# Got me some Buckeye !!



## wombat (Aug 4, 2018)

Thanks to Stan @ The100road I finally got more buckeye burl to play with.

A pair of "Joeys" Both are Jarrah frames using my split fame design ( eliminates the weak cross grain at the forks). For a bit of contrast the buckeye was paired with some 5000 year old red gum using red gum and ash veneers as spacers and then sitting on some maple. Brass pins and lanyard hole finish it off.

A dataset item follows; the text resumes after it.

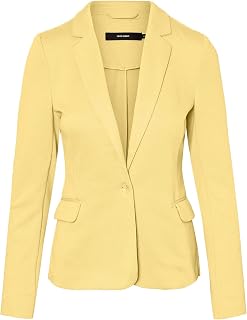 VERO MODA Single-Breasted Blazer VMJULIA Blazer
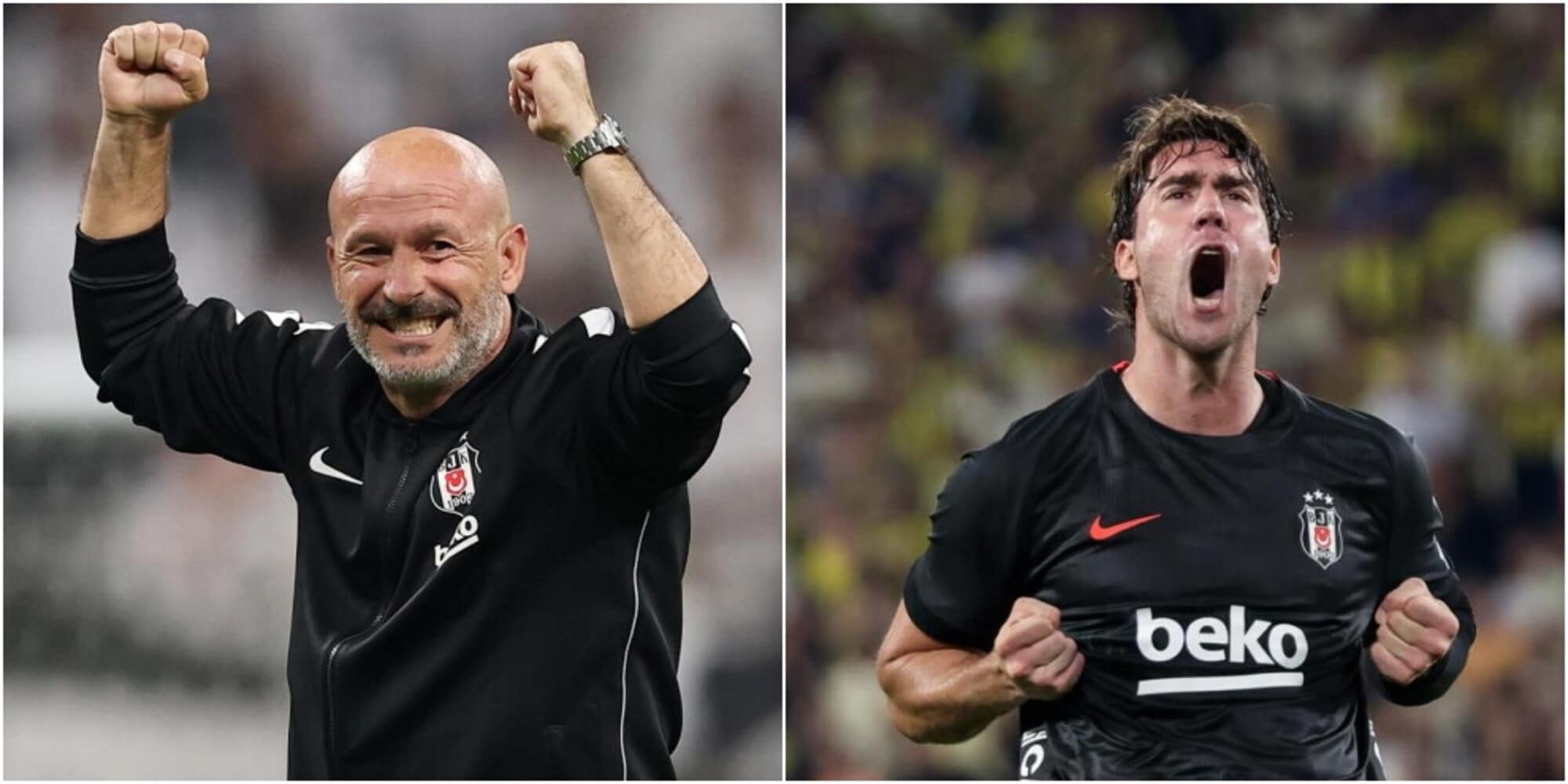 Vincenzo Italiano: Beşiktaş'ta 13 maçta idol oldu, Türkiye'de futbolun büyüsünü keşfetti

Reactions: Like 2 | EyeCandy! 9 | Way Cool 4


----------



## The100road (Aug 4, 2018)

Those look great man!!! Awesome work.

Reactions: Agree 2


----------



## gman2431 (Aug 4, 2018)

I so need to get one of these one day... all of these posts are always very cool!

Reactions: Agree 2


----------



## Nature Man (Aug 5, 2018)

Magnificent! Takes the prize for beauty! Chuck


----------



## rocky1 (Aug 5, 2018)

Beautiful as always Walter!


----------



## woodtickgreg (Aug 5, 2018)

I never get tired of seeing your work on these. Beautiful as always.


----------



## wombat (Aug 5, 2018)

Thanks guys !


----------



## DKMD (Aug 5, 2018)

Gorgeous! Love the color combo!


----------